BUSINESS

An anti-reform budget?

By Surjit S Bhalla
March 01, 2007 03:33 IST
The 10th anniversary of Mr Chidambaram's dream Budget was presented by a person (obviously) 10 years older, and now past 60. The tragedy is that it shows.

There was so much he could have done, but he chose to take the safe, well-travelled route. A route travelled by only those who believe in eternal, glacial gradualism. A gradualism that means that you can even walk backwards, while all the time claiming that you can walk on water. Also showing the age was a hardening of the arteries.

This particular FM has always had a stubborn streak, and by golly, I brought some ingenious taxes like the fringe benefit tax and the cash transactions tax, and by golly I am not only going to keep them, but also enhance them.

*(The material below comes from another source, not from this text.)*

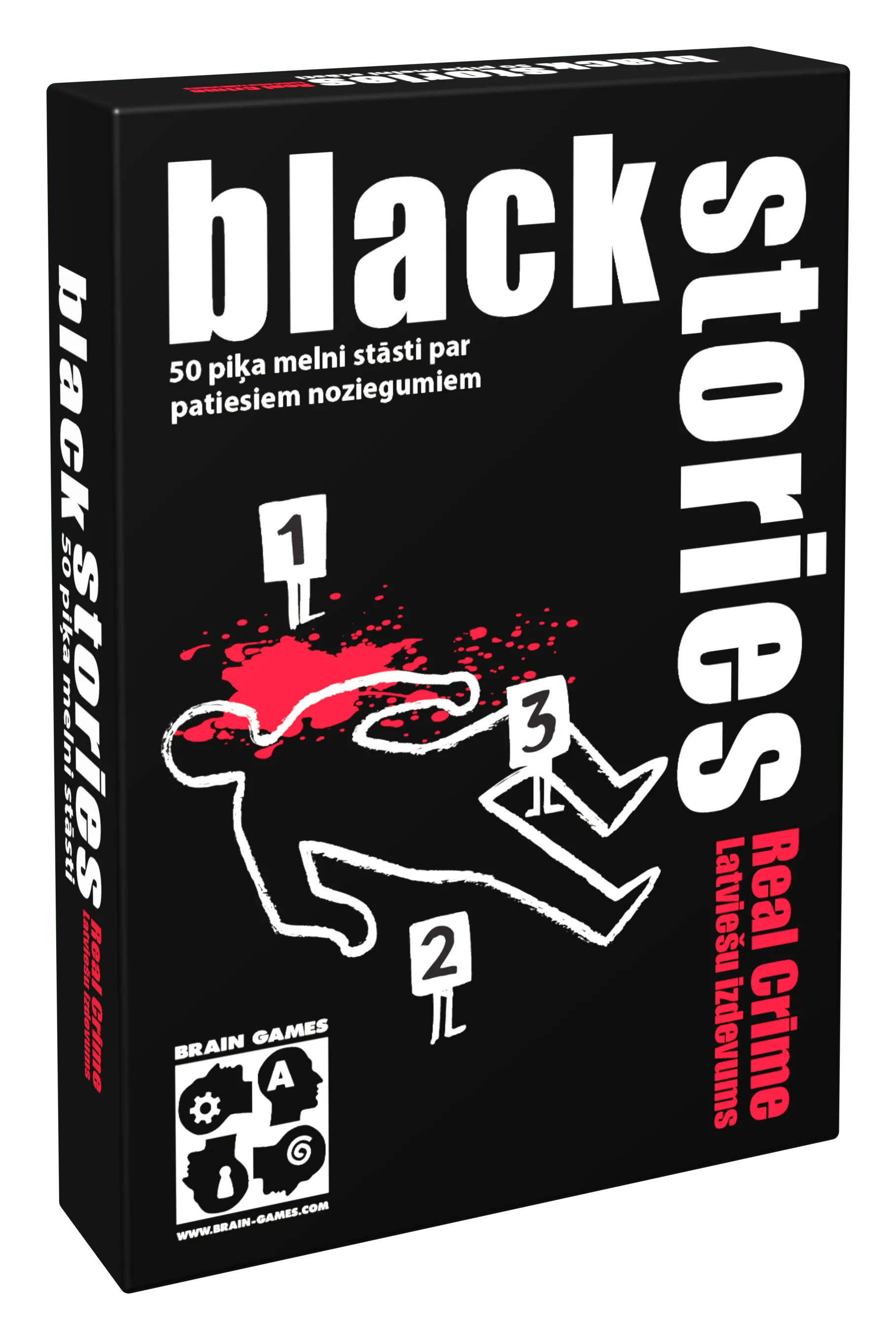 Brain Games galda spēles Black Stories Real Crime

Few finance ministers, anywhere in the world let alone India, are as lucky as this one. When he assumed office in May 2004, the economy was booming, and some even said it was shining. Two major economic reforms were in the system when he took office -- reforms on taxes and reforms on interest rates.

Two tax reports (both under the supervision of Dr Vijay Kelkar) were already in the process of implementation, including the elimination of long-term capital gains tax, and a reduction of short-term capital gains tax to 10 per cent, and the introduction of the securities transaction tax. Major interest rate reforms, in the form of interest rate reforms on small savings, had also already been initiated.

Such interest rates on postal deposits were yielding 12.5 per cent, nominal, and tax-free, in June 1999, a time when inflation was a subdued 4 to 5 per cent. These rates were cut by just 50 basis points but they set in motion a path that has made possible the structural break in the Indian economy. The same structural break that has caused industry to boom (because of radically lower borrowing rates), tax receipts to zoom, and the Budget deficit to be brought down to historically low levels.

Now think back and do a "mental" experiment. Would the UPA government have cut the interest rate on small savings deposits? No, because that would go against their slogans—we are for the aam aadmi, and aam aadmi needs high deposit rates for the several lakhs of deposits. Equally, would the UPA FM have reformed the capital gains tax system, a system with high nominal tax rates to make the aam aurat feel good, but with zero tax collection. Of course not, it hurts our sleep, because we want to rest at night knowing that we are at least thinking of doing good for the aam India.

So what has the FM brought in this—the third full Budget? Tax reforms have continued, and for this the government deserves all the credit, even though it is a worthwhile question to ask as to what would have happened if we did not have WTO commitments and if competitors led by China were not breathing fire down our necks? What other tax and/or expenditure reforms have happened in the last three years?

Something all of us support is increased government financing of education expenditures. What one would have wished is greater private participation in schools, especially in poor areas. This would have meant at least a pilot introduction of a school scholarship system for poor students.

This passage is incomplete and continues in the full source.